DIRECTIONS
Produce a verbatim copy of the data below that contains no pictures.

DATASET CONTENT
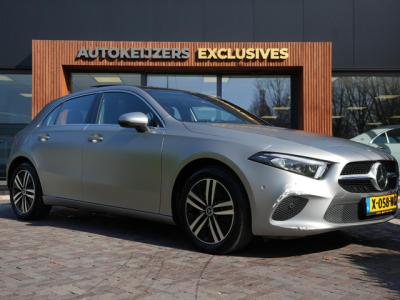 Financial Leas Mercedes-Benz A-Klasse 250 e Premium Plus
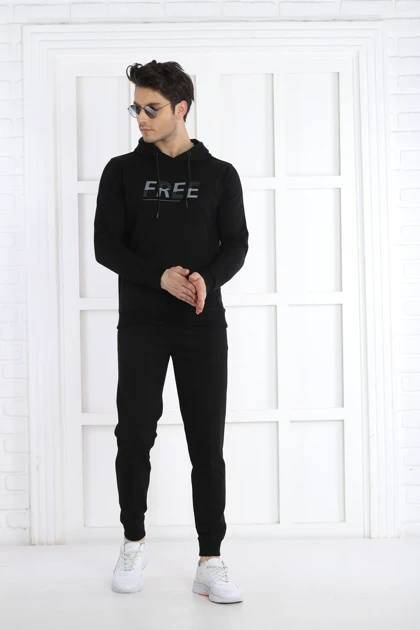 ست لباس ورزشی مردانه need-life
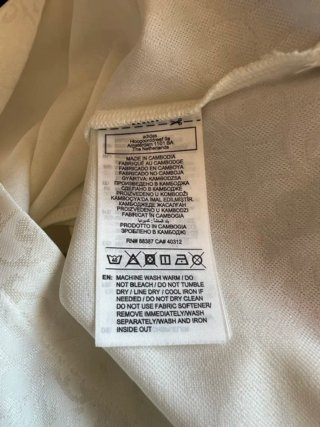 Camiseta España Lamine Yamal 19 Mundial 2026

YOUR RESPONSE
 Financial Leas Mercedes-Benz A-Klasse 250 e Premium Plus
 ست لباس ورزشی مردانه need-life
 Camiseta España Lamine Yamal 19 Mundial 2026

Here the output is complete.